I totally agree, but they could have added anarchy on the far far right too... real anarchy not that fake radical left kind
It would then seem that many of our founding fathers would have wanted us Constitutionally just left of anarchy. Certainly not in the center.
On one axis is the usual left-to-right, liberal-to-conservative spectrum. On the other axis is the spectrum from totalitarian-to-libertarian.
In other words, one axis represents your political beliefs, the other represents the degree to which you think those beliefs should be enforced on everyone.
An example of a totalitarian conservative would be the biblical Pharisees, or the Taliban. A totalitarian liberal would be Stalin, Hitler, Castro, etc..
It’s BS that anyone calls fascism “right wing”.
What??? You mean you really can't tell the difference between live-and-let-livers and control freaks?Huh??? |
The ancient left-right political spectrum was developed when the world was still based on feudalism, a system made up of only "givers" and "takers," (serfs and landlords, or taxees and taxers), long before there was any widespread protection of free (UNcoerced) trade or any developed entrepreneurial ("middle") class (which engages only in mutually-agreed-upon transactions). That ancient spectrum is so useless (or useful to only the deceitful) in modern times it must be relegated to the status of being hopelessly obsolete. Notice how some people even try to put socialists on the "left" and fascists on the "right" (as if they trampled peoples' lives any differently), and then trap you into accepting the bizarre and evil notion that freedom is somehow a "compromise" between, or a combination of, two allegedly "opposite" collectivist extremes. This, of course, is absurd on its face, and actually leaves limited-government advocacy and the essence of freedom totally off the chart out of the picture. Further, doesn't it also strike you as obvious that when you try to draw a parallel between the good guys and the bad guys, you often wind up whitewashing the bad guys instead of tarnishing the good guys as you intended? Newsflash!: Your basic political choice is NOT which type of control freak or which type or how much intrusive government to have, but WHETHER to have ANY intrusive-type government AT ALL. YOU may be prone to irrationality or hysteria; YOU may be afraid of individual liberty. ... but that does NOT give you a right to remove LIBERTY from the choices altogether, which is what the "left-right" spectrum essentially does. Isn't it time YOU started thinking outside the "Which type of powerful government should we have?" box? |
Good. Can add Anarchy at the far end.
I can stop thinking now, and agonizing about why so many people have such complex and unique views on life.

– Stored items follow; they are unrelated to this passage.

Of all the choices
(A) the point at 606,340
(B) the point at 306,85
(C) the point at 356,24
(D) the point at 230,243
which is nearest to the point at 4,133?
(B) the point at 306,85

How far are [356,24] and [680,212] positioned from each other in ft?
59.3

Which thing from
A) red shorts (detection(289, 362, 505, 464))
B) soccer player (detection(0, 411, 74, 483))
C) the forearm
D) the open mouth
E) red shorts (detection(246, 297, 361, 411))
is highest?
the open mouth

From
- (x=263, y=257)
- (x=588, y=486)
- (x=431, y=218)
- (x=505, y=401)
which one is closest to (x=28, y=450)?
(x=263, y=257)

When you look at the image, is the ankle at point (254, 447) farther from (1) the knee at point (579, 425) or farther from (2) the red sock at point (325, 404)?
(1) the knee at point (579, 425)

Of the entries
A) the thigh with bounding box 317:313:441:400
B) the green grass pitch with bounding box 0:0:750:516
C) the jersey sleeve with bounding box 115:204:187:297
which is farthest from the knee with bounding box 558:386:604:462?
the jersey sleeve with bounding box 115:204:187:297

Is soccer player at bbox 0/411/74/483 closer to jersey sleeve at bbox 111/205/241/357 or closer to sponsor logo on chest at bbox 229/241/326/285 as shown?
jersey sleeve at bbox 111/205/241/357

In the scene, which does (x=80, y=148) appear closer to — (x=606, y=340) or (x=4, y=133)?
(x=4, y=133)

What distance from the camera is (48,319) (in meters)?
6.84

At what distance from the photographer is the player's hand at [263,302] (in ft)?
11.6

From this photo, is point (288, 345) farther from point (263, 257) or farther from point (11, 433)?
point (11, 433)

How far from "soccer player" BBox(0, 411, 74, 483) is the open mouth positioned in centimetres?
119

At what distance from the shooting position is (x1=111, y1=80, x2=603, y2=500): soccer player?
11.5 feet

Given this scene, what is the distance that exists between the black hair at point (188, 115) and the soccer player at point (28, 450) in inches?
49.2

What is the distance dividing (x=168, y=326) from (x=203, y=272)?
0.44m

They are all obviously insane and need to be medicated or institutionalized.
That is to say, that there should be two different axis, and a vector that is comprised of components of both axis will plot to a point. The axis reflect philosophies concerning both personal and economic liberty in conjunction with governmenental authority over both.

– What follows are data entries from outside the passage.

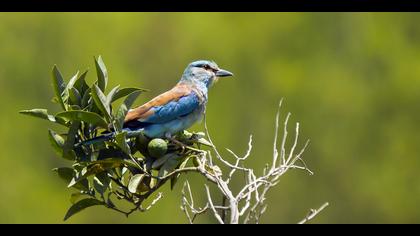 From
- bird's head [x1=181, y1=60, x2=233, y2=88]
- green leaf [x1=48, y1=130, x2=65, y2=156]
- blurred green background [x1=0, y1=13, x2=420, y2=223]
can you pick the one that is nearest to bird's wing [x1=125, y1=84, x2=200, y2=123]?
bird's head [x1=181, y1=60, x2=233, y2=88]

Actually, what I learned about the polical spectrum was that it distinguished conservative from liberal with regards to how much social change each advocated. The more conservative one was the less social change they would tolerate.
At each end of the spectrum were those who were militants, i.e., ultraconservative radicals (reactionaries) that would use violence to keep / prevent change from occuring. However, reactionary conservatistism results essentially in revolutionary radical libaralism (wrap-around to the far left). That is because if change is the norm, then preventing change is de facto liberal.
Same thing with the other side of the spectrum, militant radical liberal (revolutionary) results in reactionary radical conservative. That is, only so much change can actually be progressive, change that is too great or socially encompassing results in some sort of re-establishment of pre-existing socials structures, ecoomic policies or other social norms.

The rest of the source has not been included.